Kamar itu memancarkan kesederhanaan, dengan dinding bercat biru muda dan jendela kecil yang menghadap ke halaman pesantren. Di dalamnya, berbagai kitab kuning tersusun rapi di rak kayu tua, menjadi saksi bisu dari kesungguhan Ismail dalam menuntut ilmu.
Ismail Hasan Tuanku Bagindo bukanlah sosok biasa. Ia adalah keturunan dari Buya Muslim Tuanku Bagindo, seorang ulama besar dari Ulakan, Kabupaten Padang Pariaman.
Warisan keilmuan dari Buya Muslim seakan mengalir dalam diri Ismail, yang sejak tahun 2017 telah menjadi santri di pesantren ini. Kini, setelah menamatkan pendidikannya pada tahun 2024, Ismail mengabdikan dirinya sebagai guru di tempat yang sama, mengajar dan membimbing para santri dengan penuh keikhlasan.

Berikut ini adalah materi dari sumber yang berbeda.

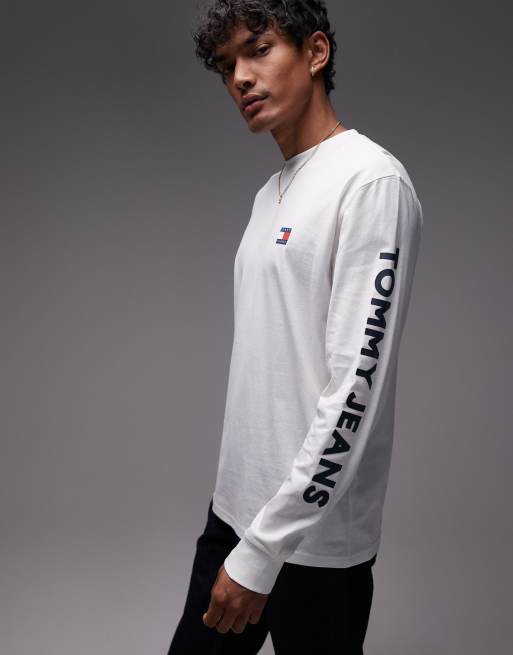 Tommy Jeans - T-shirt met lange mouwen en logo in wit, 2 van 5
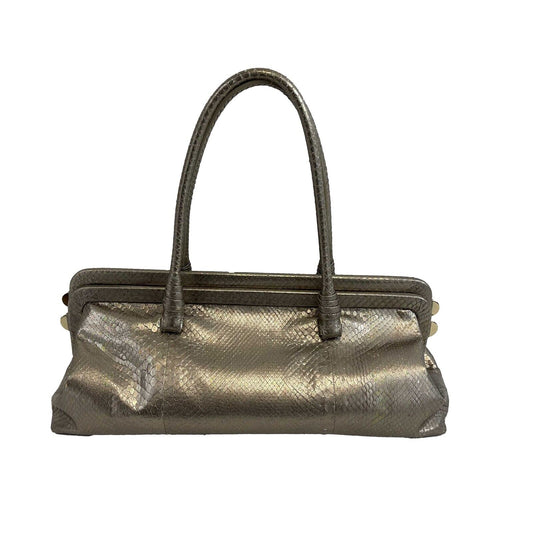 Bottega Veneta - Silver Iridescent Python Skin Top Handle Shoulder Bag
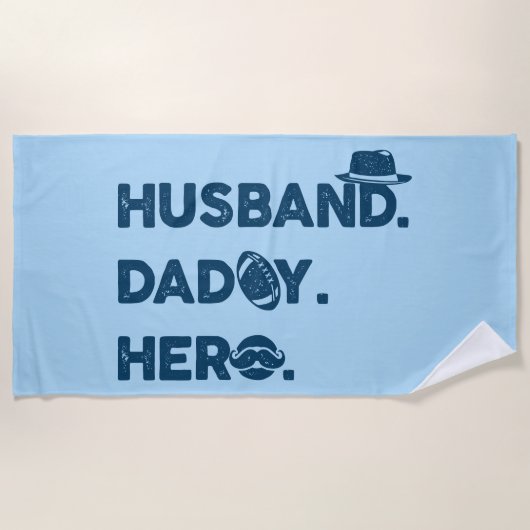 Ehemann. Daddy. Held. Retro-Grafik Strandtuch (Vorderseite)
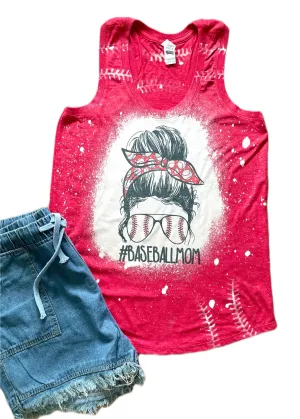 Baseball Mom Bleached Tank
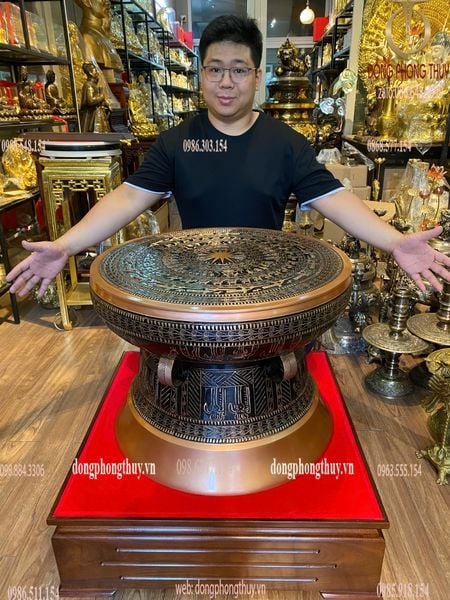 Trống đồng Đông Sơn đường kính 60cm nặng 50kg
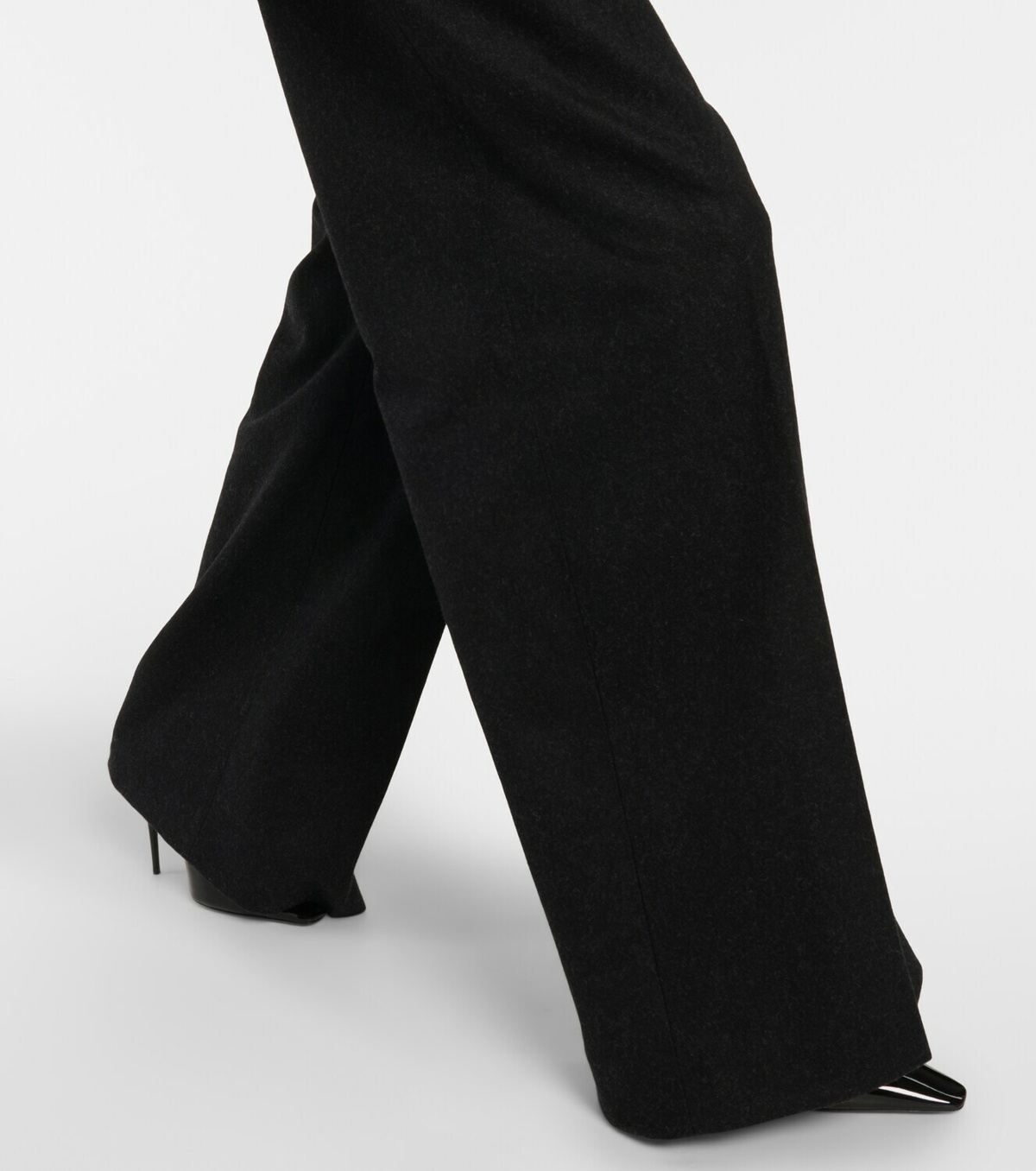 Wide-leg Wool-blend Pants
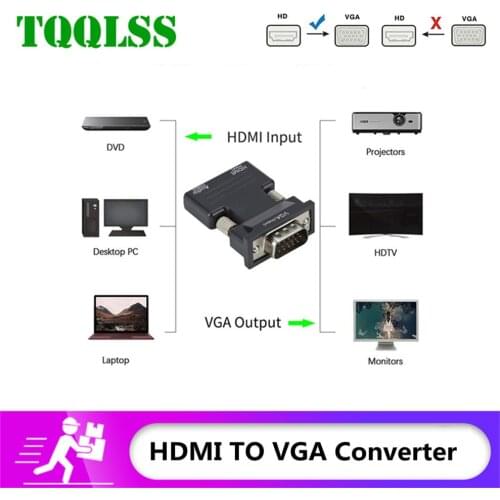 TQQLSS 1080P HDMI-compatible to VGA Female to Male Digital To Analog Audio Video Converter for PC Laptop TV Box Projector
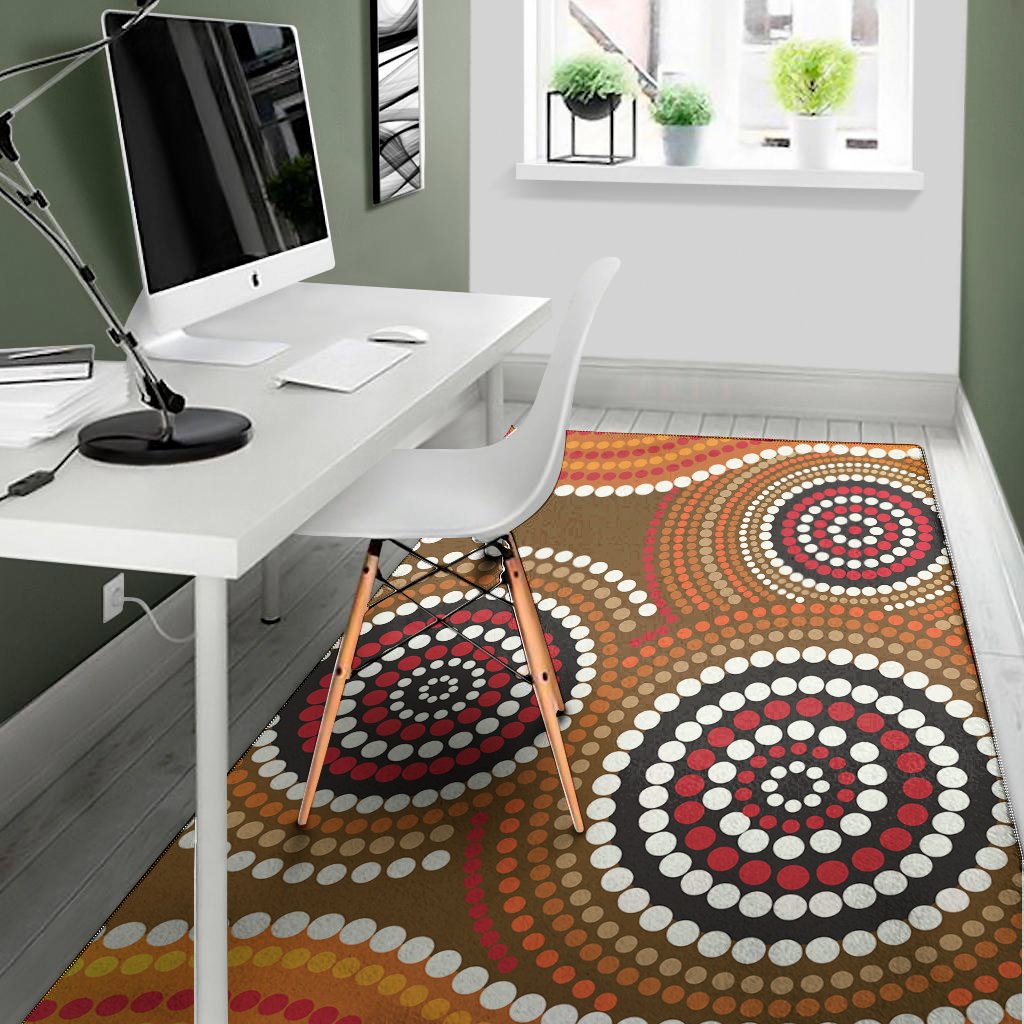 australian aboriginal dot print area rug floor decor 8986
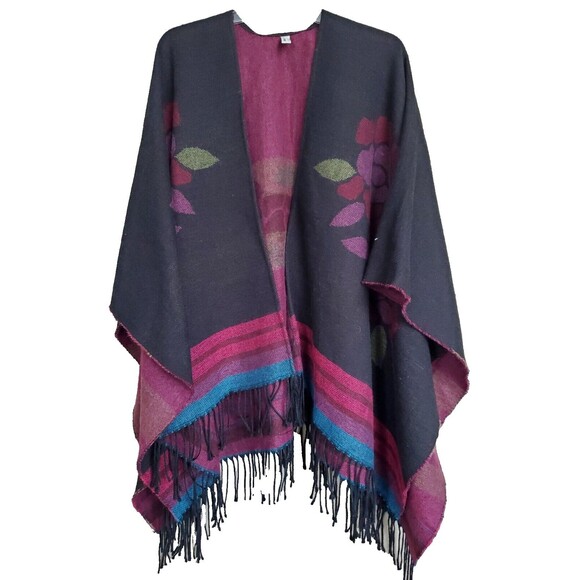ACCESSORY STREET Acrylic Open Poncho Wrap with Fringe Floral Pattern One Size - Picture 1 of 7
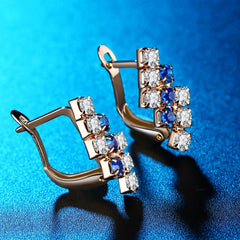 1 Pair Of 18 k Gold Irregular Geometrical Sterling Silver Crystal Stud Earring For Women, 21*9 mm, Blue, Red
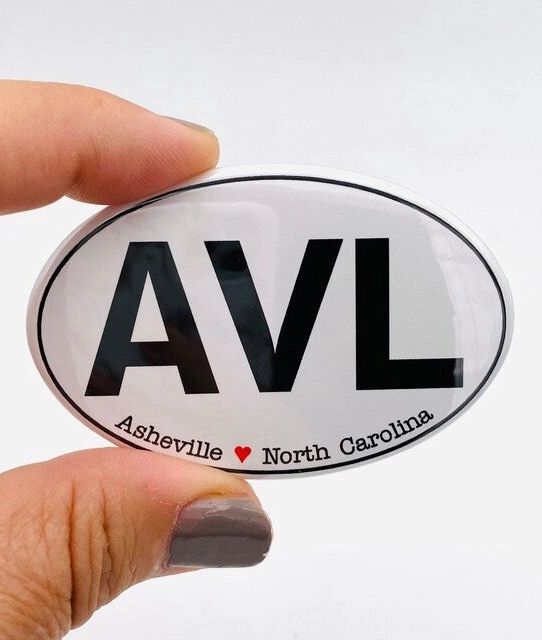 AVL Asheville North Carolina Oval Magnet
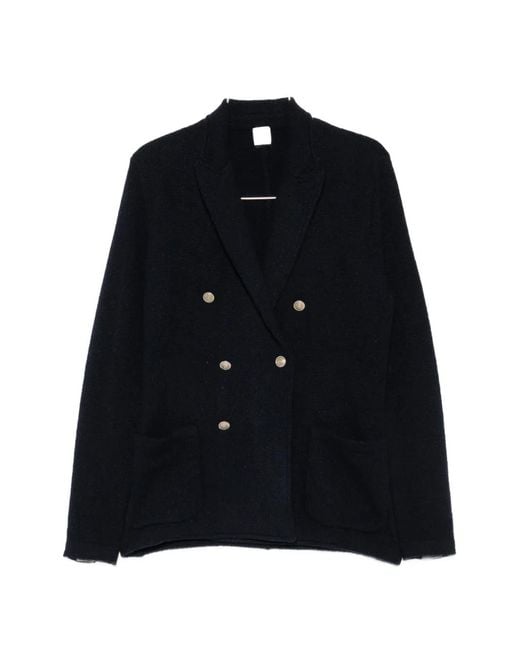 Eleventy Black Double-Breasted Knitted Jacket for men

Tuanku Dayat Desmanto, yang dikenal dengan ketajaman pandangannya terhadap ilmu agama, menyadari potensi besar dalam diri Ismail.
Di tengah kesederhanaan kamar itu, Tuanku Dayat merenungkan perjalanan hidup Ismail yang penuh makna. Dari seorang santri hingga menjadi pengajar, Ismail menunjukkan komitmen yang luar biasa terhadap agama dan pendidikan.
Namun, Tuanku Dayat tahu bahwa perjalanan Ismail belum selesai. Ada panggilan yang lebih besar, yaitu untuk melanjutkan pendidikan ke tingkat yang lebih tinggi.
Rencana Ismail untuk melanjutkan studinya di Institut Agama Islam (IAI) Sumbar Pariaman menjadi sebuah keputusan yang dipandang bijak oleh Tuanku Dayat.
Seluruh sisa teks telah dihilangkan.